What literary invention can reveal about the reality of the Iranian Revolution.
Thirty-seven years ago on February 11, 1979, on my eighth birthday, Iran, my country, went through a radical shift. My family left Iran a year after the Revolution, and I have been trying either to understand what happened or to explain it ever since. My latest attempt is Last Scene Underground, an ethnographic novel of life in contemporary Iran.
What’s real? They want to know where the boundary lies (literally “lies” in a non-truth-telling sense) between fiction and non-fiction.
If the Q&A at book readings is anything to go by, when you’ve written a book that’s both a novel and an ethnography, the question on most people’s minds is: What’s real? They want to know where the boundary lies (literally “lies” in a non-truth-telling sense) between fiction and non-fiction. Ethnography and literature have in common a very fluid boundary between the real and the fictive. Even in science fiction, a writer creates a work of fiction based on his or her own understanding of human relations, impulses, and desires from lived experiences and factual knowledge that feeds the imagination.

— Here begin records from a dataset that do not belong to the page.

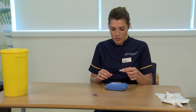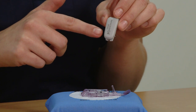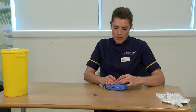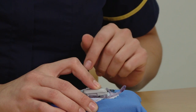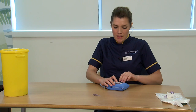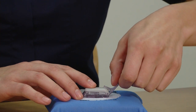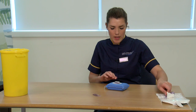Take the Dexcom transmitter and insert the slimmer end away from the transmitter latch — just slip that in there. Now, support around the skin and using your finger, push down firmly to clip the transmitter into place. You'll see that the transmitter latch has popped up, so twist and pull that away to remove it.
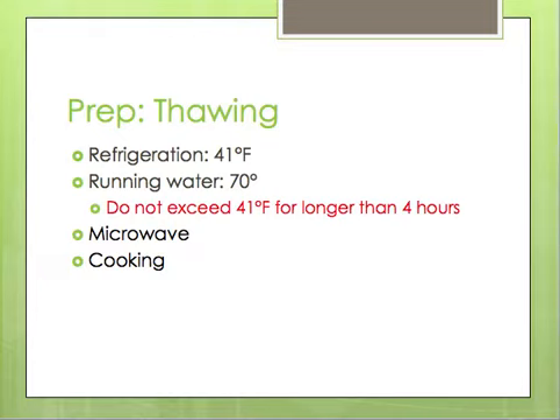Now we can move on to proper thawing. They talk about specific temperatures that food has to be held at, especially time-temperature controlled or TCS foods. Food in a cooler that is thawed needs to maintain a temperature of 41 degrees Fahrenheit or below. If you are going to thaw food using running water, you can use clean drinkable water at 70 degrees Fahrenheit, and the food should never go above 41 degrees Fahrenheit for longer than four hours. You can also microwave to thaw food only if it's going to be cooked immediately after, or you can thaw food as part of the cooking process.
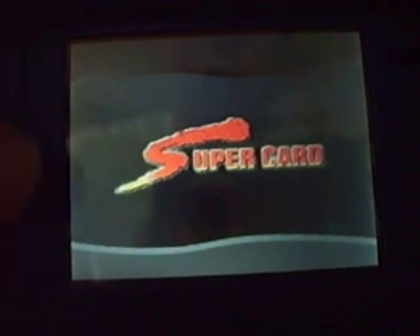Dan the Man here doing another video demo. This time it's of Goomba Color DS, which is a port of the Goomba Color emulator for the Game Boy Advance to the DS, as the name suggests.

If an anthropologist were to set-up a camera and begin to record a “scene” of life somewhere, the very decision of where to place the camera frames the scene with a subjective and therefore not fully honest view. This does not mean that what was recorded is not real or the “truth,” but in excluding major parts of the scene, it skews and changes “reality.” If I focused my camera on one section of students in a lecture where only men are sitting, one may have the mistaken impression that only men take my anthropology class. The camera recorded “reality,” but it was not an honest representation of the class. When we social scientists translate and write about an “objective world” through our subjective positions, we may be factual but not necessarily honest about all the ways in which we are creating a new meaning or a fiction, possibly even a fantasy.